Un personaje que había sido reelegido de manera ilegal, al haber comprometido el voto de parte de quienes lo reeligieron, a cambio de nombrarles familiares en altos cargos de la Procuraduría ,y que frecuentemente despreciaba las libertades públicas, los derechos de las minorías y la respetabilidad de las instituciones, ¿cómo podía aspirar a terminar su periodo institucional, a base de truculentas leguleyadas, con las que había venido torpediando la ponencia de destitución que desde hace mucho rato reposaba, en su contra, en el Consejo de Estado? ¿Cómo viene a decir, ahora, que la ponencia de destitución nació en los últimos seis meses, por presiones del presidente Santos, a petición de la guerrilla de las Farc, cuando desde el 11 de julio de 2014, el Magistrado Alberto Yepes, había presentado ponencia de destitución , por graves irregularidades en su reelección?
Un hombre que se opuso férreamente a los Acuerdos de la Habana y, desde luego, al proceso de paz con las Farc, no obstante ser uno de los más altos funcionarios del Estado, incurrió, por esas sola condición, en una actitud antipacifista que lo dejo muy mal parado, no solo con su país, sino con la humanidad.

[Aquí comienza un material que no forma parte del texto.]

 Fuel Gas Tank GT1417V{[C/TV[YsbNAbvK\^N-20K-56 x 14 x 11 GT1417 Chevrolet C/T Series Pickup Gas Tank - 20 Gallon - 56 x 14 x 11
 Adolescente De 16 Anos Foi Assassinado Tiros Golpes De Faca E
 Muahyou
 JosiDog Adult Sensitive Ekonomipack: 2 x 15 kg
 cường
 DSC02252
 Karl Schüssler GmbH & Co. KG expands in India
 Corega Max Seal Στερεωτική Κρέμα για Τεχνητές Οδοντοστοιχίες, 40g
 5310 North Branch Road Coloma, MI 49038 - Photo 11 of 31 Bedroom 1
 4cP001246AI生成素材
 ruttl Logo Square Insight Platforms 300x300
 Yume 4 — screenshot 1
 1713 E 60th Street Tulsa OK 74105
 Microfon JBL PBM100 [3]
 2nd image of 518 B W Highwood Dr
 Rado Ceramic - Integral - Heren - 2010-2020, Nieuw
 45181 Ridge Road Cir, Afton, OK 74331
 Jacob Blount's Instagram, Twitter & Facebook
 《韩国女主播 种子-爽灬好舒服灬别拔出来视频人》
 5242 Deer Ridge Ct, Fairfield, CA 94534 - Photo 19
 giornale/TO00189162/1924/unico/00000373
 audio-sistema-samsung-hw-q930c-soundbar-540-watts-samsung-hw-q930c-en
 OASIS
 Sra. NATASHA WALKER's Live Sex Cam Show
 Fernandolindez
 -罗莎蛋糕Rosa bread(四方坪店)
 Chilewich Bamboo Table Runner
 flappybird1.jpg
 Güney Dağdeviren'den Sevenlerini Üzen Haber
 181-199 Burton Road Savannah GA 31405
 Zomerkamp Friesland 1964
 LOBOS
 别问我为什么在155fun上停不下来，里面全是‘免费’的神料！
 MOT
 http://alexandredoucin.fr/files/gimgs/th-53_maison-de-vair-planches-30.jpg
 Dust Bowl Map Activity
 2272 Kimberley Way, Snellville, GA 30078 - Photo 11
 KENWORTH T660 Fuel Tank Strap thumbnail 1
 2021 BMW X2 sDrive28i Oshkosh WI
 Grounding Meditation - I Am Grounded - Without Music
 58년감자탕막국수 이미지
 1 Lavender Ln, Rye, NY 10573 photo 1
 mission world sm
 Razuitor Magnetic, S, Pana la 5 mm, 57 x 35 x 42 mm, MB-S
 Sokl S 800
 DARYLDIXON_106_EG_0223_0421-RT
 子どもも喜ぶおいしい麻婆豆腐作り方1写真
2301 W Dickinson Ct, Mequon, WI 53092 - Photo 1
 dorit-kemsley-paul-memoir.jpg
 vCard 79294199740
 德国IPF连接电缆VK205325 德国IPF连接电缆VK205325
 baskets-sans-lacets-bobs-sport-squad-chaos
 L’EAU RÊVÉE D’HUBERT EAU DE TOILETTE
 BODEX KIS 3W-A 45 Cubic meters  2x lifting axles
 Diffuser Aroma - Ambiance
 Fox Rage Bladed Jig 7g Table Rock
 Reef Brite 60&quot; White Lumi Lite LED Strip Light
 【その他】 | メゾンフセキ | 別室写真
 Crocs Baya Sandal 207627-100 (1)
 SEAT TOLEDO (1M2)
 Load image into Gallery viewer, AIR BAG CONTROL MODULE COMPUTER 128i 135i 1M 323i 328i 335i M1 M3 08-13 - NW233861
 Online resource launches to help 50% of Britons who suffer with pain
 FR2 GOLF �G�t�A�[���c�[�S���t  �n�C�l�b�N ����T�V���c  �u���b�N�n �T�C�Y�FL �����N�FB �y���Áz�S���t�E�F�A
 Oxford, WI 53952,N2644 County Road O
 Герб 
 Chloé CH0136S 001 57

Un jefe del Ministerio Público, que utilizaba su poder disciplinario, para intimidar a los funcionarios y que distorsionaba la verdad para mostrarse como perseguido político del Gobierno, no debió haber tenido jamás esa amplia dignidad que ejerció desbordadamente, sin ningún control, sin el menor asomo de pudor, ni la más mínima muestra de recato. Es, para decirlo sin ninguna clase de tapujos, la persona que más abusó de su investidura en el ejercicio del cargo. Para demostrarlo, basta leer los fallos del Consejo de Estado que han revocado sus providencias arbitrarias. Desgraciadamente, como esos fallos de favorabilidad a veces tardan años, el remedio llega de manera tardía, cuando el daño resulta irremediable. Finalmente, debemos decir que cuando creíamos que sus excesos y abusos de poder habían disminuido, nos sorprendió con sus últimas arremetidas contra la paz, lo cual hizo para congraciarse con el ex presidente Álvaro Uribe, enemigo público número uno de la reconciliación nacional. Cuando la mayoría de los colombianos esperábamos un mínimo de moderación y de imparcialidad de su parte, nos encontramos con todo lo contrario. Amenazó autoritariamente con procesos disciplinarios a todo funcionario que públicamente se pronunciara a favor del plebiscito por la paz. A alcaldes y gobernadores les advirtió que les estaba rotundamente prohibido hacer campaña por el sí. El irrespeto que con tales posturas mostró por las instituciones, fue aberrante. Su poder, sustentado en el amedrantamiento y el miedo, lo convirtieron en el peor enemigo de la paz. Afortunadamente, después de tantos atropellos y desmanes, la justicia le piso los talones y se fue de bruces.